According to the email chain, Newbold responded on the afternoon of 25 March that after speaking with Burt he had decided against a meeting.
Newbold has denied sending the emails, telling the Herald Sun he did not have access to his Hawthorn FC email address at the time he was at the club.
The Newbold email chain is one of several pieces of evidence including text messages, other emails and written transcripts that the author of the internal report, consultant and former AFL player Phil Egan, said were provided to him by five players and partners to support the claims they had made against Hawthorn.
These other pieces of evidence have not been publicly released.
The report had been commissioned after former star player Cyril Rioli and his partner made claims in the Age that the club had mistreated them because of their race.

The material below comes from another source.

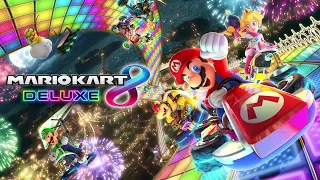 Mario Kart 8 Deluxe 150cc Gameplay feat. Breath of the Wild Link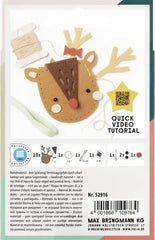 folia-bastelartikel-mini-filzinies-rentier-17-teilig_1 - kunstundspiel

Egan made seven recommendations, including that those alleged abuses between 2010 and 2016 be reported to the AFL integrity unit. He did not respond to a request for comment.
It was not within the scope of the report to interview Clarkson or the other former Hawthorn staff named within it, leading them to claim they had not been afforded due process.
The proposed AFL investigation into the matter, therefore, will not merely be an exercise in crisis management, it will be expected to either vindicate the players or the coaches.
But the players will not take part in any investigation that is not entirely separate from the AFL.
The AFL chief executive, Gillon McLachlan, has flagged he may delay his departure from the role to deal with the fallout.